- WORK TASK -
Leave out any pictures and transcribe all other data below exactly.
====== DATASET RECORDS
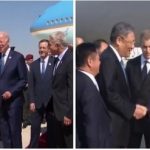 Джо Байден терміново прилетів до Ізраїлю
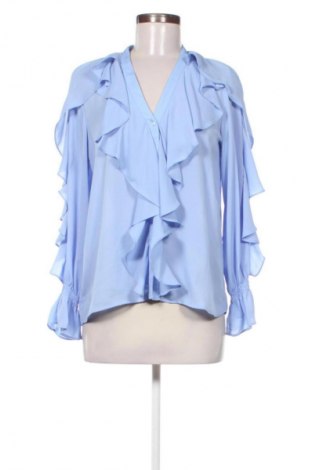 Női blúz Zara, Méret S, Szín Kék, Ár 5 707 Ft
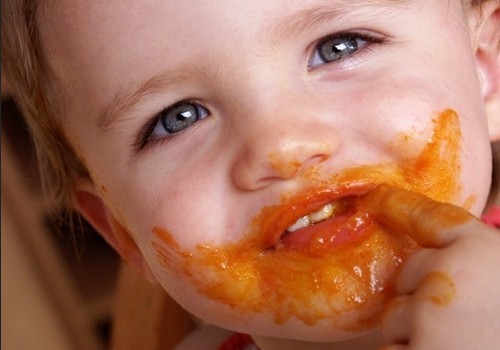 Vai bērnam spiest ēst gaļu? 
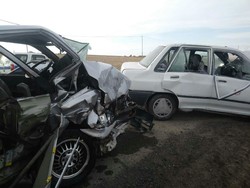 Traffic-related deaths up 2.5% yr/yr
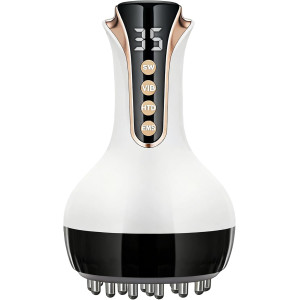 35-Speed 3-in-1 Lymphatic Drainage Massager | Anti-Cellulite Body Sculpting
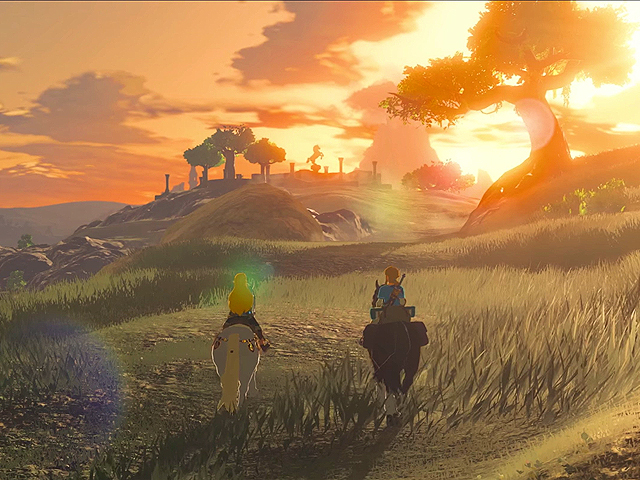 Breath of the Wild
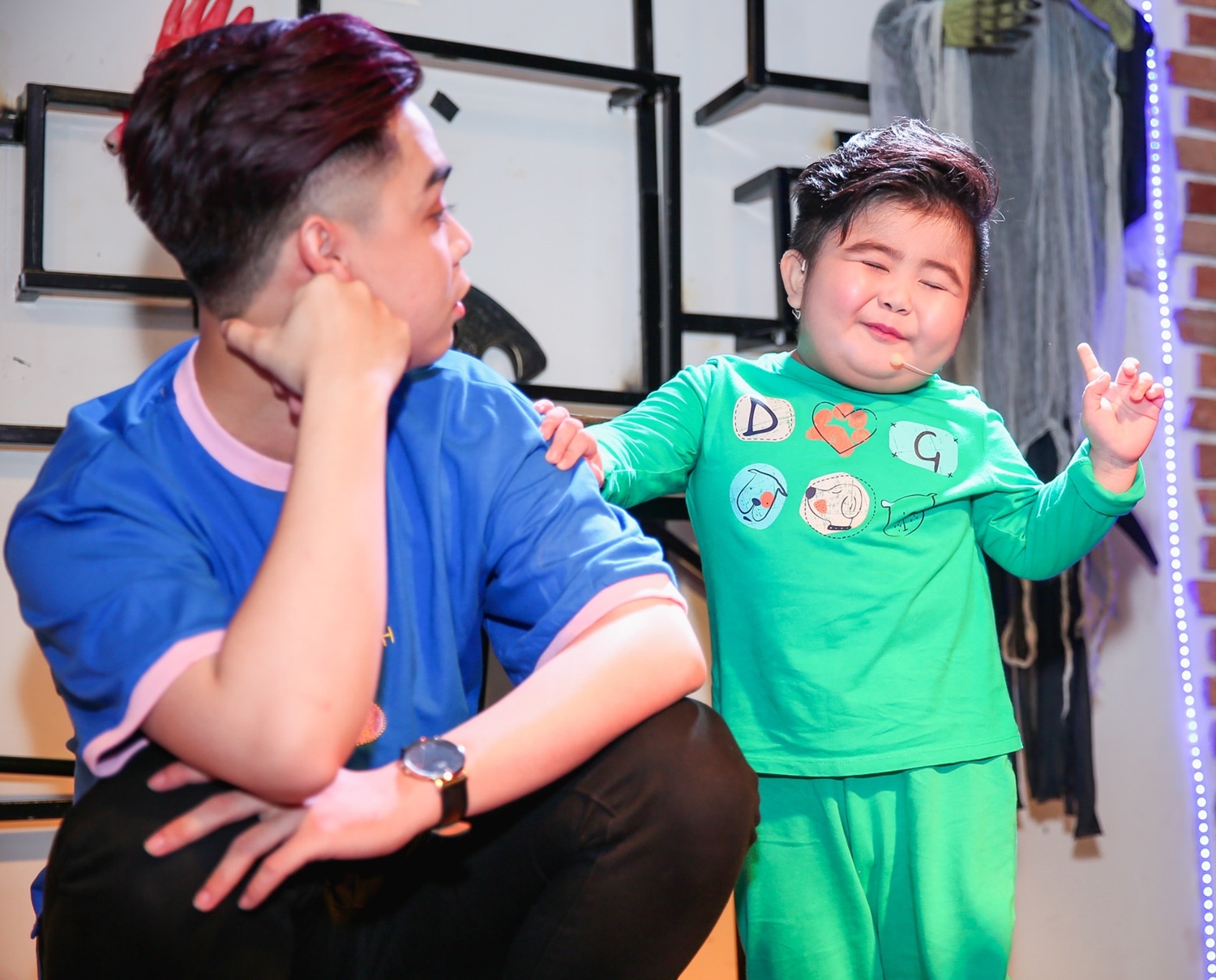 Tin Tin nhay mua nhu nguoi lon anh 5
============
- SOLVED EXERCISE -
 Джо Байден терміново прилетів до Ізраїлю
 Női blúz Zara, Méret S, Szín Kék, Ár 5 707 Ft
 Vai bērnam spiest ēst gaļu? 
 Traffic-related deaths up 2.5% yr/yr
 35-Speed 3-in-1 Lymphatic Drainage Massager | Anti-Cellulite Body Sculpting
 Breath of the Wild
 Tin Tin nhay mua nhu nguoi lon anh 5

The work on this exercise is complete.